Most all of it was tasteful, well-intentioned and meaningful. But there was always a dissonant note in the music of my soul. The refrain echoed every year … “How could they?” How could the jubilant thronging crowd turn so quickly? How could they cry “Hosanna to the Son of David!” and “Crucify him!” only days apart? How could the reverently intone, “Blessed is he who comes in the name of the Lord” and with the same lips mock him? How could the crowd be so fickle? What about His close confidants? It was the same Peter who confessed, “You are the Christ, the Son of the living God” who later swore “I don’t even know the man!” And why was Jesus’ inner circle so taken off guard by the way events unfolded? The Bible says … And Jesus began to teach them that the Son of Man must suffer many things and be rejected by the elders and the chief priests and the scribes, and be killed, and after three days rise again. Mark 8:31 The sense of the passage is that it was a repeated warning … but there was the repeated promise also “and after three days rise again.” How did their faith so quickly bleed out? How did they suffer such a tragic failure to hope?
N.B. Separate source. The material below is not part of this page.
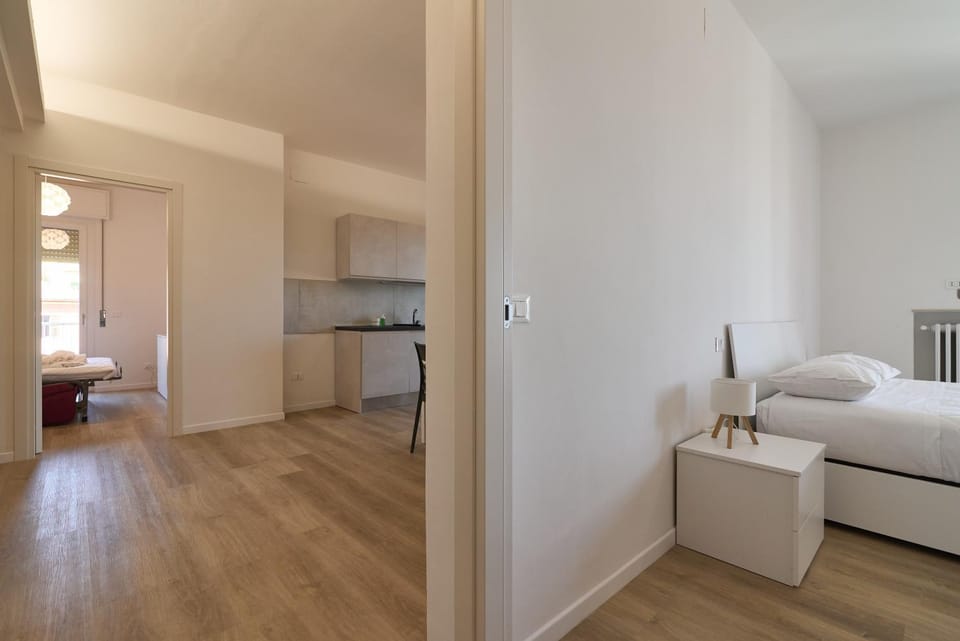 Bed, Kitchen or kitchenette, Photo of the whole room, Bedroom, wardrobe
In the proud petulance of youth, “How could they?” was a cry of disdain. The years have softened my tone to a weeping whisper … “How could I?” I have proven to be as fickle as the crowd. I am prone to praise followed by denial. I grasped great truths but failed to live by them. I have heard the Savior’s call to suffering and been shocked when I must. Palm Sunday has a somber and personal note of realism for me. But it is sober … PRAISE! The same Jesus who said, “You will certainly deny me” sought Peter out after his dark days of denial and said, “Follow me.” Praise God … He still does!